We've only heard from one, that's Todd Heatherton, and he's spoken only through his attorneys. They're pushing back strongly against any allegations. They say he's never violated any sexual misconduct policies. He's never had sex with any students. They're trying to distance him from the other two names. They say that the college's investigation into him is separate from the other two and that it relates to an incident that happened off campus outside of New Hampshire, though we don't know what that incident is. Heatherton is on sabbatical this year but he says that he's still working with students with the college's approval.
So it seems like there are still a lot of open questions.

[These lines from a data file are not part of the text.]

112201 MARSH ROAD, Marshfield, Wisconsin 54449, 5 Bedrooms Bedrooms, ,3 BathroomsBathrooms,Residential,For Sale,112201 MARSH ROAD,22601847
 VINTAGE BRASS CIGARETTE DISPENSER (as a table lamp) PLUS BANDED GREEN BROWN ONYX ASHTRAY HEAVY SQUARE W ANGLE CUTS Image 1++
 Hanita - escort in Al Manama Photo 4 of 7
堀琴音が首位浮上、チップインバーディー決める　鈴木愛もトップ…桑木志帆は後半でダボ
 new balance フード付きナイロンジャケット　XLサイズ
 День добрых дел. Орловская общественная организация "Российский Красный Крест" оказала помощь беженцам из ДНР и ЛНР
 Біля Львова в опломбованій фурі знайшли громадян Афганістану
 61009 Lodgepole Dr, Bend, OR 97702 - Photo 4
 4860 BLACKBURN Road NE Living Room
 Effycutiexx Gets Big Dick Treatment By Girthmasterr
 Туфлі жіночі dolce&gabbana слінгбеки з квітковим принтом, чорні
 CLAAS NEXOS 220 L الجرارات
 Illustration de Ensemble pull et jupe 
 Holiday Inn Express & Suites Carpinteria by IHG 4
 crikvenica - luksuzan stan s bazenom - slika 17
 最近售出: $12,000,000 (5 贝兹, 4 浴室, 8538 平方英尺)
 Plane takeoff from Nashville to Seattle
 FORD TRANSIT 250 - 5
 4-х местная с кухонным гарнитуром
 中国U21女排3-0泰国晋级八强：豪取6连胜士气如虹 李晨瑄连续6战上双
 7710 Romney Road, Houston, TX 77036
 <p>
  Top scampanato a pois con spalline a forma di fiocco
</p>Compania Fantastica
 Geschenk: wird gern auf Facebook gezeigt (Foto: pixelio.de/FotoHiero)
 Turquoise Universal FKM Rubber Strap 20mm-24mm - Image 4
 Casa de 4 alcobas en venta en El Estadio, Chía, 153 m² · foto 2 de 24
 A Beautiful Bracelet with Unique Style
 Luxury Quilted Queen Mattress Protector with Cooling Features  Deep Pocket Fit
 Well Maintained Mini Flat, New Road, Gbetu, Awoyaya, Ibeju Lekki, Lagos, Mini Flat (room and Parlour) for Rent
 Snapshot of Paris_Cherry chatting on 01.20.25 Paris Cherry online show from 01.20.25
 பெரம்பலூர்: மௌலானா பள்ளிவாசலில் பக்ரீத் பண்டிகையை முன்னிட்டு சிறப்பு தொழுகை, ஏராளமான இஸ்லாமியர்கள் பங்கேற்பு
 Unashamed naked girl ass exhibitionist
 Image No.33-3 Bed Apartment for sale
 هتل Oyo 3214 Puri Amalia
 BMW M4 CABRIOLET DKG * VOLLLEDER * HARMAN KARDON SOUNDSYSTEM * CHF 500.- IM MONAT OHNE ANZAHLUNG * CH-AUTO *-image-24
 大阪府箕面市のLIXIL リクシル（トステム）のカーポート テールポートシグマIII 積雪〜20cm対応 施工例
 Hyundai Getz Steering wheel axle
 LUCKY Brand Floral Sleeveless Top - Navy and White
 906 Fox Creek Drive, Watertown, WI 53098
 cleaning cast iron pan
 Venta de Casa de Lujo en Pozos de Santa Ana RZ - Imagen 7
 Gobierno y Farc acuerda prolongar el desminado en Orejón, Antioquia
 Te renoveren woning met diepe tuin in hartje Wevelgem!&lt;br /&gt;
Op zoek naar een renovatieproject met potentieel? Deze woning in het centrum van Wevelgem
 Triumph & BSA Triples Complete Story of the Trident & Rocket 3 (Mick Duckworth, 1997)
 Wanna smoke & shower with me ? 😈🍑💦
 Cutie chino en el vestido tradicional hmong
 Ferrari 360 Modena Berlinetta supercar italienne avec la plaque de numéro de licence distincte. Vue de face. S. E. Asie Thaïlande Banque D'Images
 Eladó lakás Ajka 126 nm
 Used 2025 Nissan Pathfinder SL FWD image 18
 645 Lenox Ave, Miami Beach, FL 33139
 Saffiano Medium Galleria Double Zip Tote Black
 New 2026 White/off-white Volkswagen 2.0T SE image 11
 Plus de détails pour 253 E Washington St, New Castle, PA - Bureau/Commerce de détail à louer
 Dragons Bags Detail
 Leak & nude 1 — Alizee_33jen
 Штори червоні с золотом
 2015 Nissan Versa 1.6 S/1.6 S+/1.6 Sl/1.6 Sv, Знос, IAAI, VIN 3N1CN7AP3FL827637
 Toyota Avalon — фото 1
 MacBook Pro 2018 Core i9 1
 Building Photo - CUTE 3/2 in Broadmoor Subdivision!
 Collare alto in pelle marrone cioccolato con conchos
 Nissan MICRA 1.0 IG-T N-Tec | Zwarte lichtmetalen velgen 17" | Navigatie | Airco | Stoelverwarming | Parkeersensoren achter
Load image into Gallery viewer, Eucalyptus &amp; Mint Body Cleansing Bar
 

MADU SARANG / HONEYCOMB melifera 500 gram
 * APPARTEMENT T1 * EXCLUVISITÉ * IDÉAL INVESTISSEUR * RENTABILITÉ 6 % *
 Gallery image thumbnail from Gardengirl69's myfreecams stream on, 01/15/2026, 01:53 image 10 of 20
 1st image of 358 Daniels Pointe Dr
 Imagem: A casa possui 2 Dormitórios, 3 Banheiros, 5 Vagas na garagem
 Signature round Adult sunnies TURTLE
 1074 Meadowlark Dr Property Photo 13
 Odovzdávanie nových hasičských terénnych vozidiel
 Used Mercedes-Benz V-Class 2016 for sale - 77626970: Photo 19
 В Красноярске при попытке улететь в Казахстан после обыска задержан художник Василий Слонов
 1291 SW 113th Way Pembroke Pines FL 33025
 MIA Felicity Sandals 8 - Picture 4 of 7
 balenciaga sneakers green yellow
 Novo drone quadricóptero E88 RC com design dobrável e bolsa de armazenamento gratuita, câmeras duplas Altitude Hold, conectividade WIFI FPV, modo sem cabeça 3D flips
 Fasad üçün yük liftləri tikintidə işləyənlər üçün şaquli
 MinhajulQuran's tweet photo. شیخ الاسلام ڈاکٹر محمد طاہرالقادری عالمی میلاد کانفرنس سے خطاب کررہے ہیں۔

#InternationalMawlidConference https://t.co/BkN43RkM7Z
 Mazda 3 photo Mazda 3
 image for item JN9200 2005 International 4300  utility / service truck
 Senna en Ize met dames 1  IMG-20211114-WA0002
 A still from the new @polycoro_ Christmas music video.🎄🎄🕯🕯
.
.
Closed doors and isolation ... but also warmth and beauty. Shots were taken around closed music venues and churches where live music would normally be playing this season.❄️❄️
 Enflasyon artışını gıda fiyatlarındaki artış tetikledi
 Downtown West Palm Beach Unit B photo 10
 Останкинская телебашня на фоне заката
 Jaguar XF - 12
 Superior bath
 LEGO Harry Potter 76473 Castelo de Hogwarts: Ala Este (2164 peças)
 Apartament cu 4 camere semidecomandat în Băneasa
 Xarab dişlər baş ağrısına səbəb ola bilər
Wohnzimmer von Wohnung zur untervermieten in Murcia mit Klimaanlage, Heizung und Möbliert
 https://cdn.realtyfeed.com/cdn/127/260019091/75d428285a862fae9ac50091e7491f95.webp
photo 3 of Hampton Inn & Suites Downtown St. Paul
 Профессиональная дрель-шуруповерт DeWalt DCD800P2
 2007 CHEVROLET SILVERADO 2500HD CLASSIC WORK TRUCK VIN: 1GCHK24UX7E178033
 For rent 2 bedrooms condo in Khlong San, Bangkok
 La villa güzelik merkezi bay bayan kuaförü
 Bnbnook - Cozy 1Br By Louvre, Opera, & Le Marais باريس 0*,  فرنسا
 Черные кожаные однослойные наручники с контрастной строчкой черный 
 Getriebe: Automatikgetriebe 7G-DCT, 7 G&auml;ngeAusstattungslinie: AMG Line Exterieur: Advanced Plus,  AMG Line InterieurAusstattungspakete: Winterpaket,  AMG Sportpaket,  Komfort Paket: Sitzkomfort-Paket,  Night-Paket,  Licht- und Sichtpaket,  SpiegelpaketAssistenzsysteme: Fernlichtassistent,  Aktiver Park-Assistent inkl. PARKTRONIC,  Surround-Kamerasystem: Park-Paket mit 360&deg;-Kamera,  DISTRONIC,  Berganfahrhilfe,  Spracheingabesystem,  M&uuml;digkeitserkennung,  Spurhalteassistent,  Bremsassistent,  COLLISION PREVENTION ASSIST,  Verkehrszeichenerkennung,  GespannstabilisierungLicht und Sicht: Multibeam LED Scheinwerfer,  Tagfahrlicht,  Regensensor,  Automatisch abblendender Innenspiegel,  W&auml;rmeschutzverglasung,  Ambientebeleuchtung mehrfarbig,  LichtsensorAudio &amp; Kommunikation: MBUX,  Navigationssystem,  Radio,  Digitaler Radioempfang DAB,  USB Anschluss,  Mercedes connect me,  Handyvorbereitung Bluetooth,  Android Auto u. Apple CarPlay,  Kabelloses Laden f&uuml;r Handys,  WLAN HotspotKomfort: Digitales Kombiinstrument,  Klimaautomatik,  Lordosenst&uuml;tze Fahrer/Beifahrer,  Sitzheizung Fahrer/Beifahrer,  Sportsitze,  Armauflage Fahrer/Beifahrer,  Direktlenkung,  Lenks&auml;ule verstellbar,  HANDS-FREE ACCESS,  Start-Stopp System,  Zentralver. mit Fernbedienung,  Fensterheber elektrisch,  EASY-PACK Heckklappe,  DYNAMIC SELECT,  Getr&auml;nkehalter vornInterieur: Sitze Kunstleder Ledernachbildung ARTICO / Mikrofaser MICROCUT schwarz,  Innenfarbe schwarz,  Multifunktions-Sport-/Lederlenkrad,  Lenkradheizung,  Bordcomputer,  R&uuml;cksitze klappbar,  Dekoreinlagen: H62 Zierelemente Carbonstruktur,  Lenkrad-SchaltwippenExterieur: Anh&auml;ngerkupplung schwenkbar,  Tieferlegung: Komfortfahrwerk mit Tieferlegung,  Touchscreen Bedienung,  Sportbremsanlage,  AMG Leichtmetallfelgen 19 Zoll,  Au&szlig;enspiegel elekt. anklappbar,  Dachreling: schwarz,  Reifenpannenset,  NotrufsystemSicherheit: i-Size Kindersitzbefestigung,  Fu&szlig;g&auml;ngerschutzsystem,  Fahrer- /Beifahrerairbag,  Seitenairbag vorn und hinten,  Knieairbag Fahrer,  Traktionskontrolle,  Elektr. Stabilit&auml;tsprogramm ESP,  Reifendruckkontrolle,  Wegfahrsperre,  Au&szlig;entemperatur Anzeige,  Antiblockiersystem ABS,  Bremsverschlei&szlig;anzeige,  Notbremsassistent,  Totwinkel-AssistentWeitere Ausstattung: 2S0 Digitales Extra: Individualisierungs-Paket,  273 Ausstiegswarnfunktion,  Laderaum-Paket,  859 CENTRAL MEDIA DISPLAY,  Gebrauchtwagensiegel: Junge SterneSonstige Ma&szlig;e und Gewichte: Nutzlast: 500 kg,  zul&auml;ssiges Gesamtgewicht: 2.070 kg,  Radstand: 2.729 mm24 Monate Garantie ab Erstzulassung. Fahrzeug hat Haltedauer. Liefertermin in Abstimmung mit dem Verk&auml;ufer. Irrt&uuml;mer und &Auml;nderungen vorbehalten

Right. If we zoom out a bit from the nuts and bolts, there's also this question of Dartmouth's handling of the case. What did or does the college know? When did it find these things out? What has it done so far? You know, we don't know whether the allegations involve a single incident or a pattern, and we don't know how each of these three professors is connected. I'll also say that in New Hampshire, colleges are not legally required to report any allegations involving sexual misconduct to law enforcement unless they involve minors or the elderly. So it's up to the victim to decide whether to go through law enforcement or keep it as an internal matter within the college.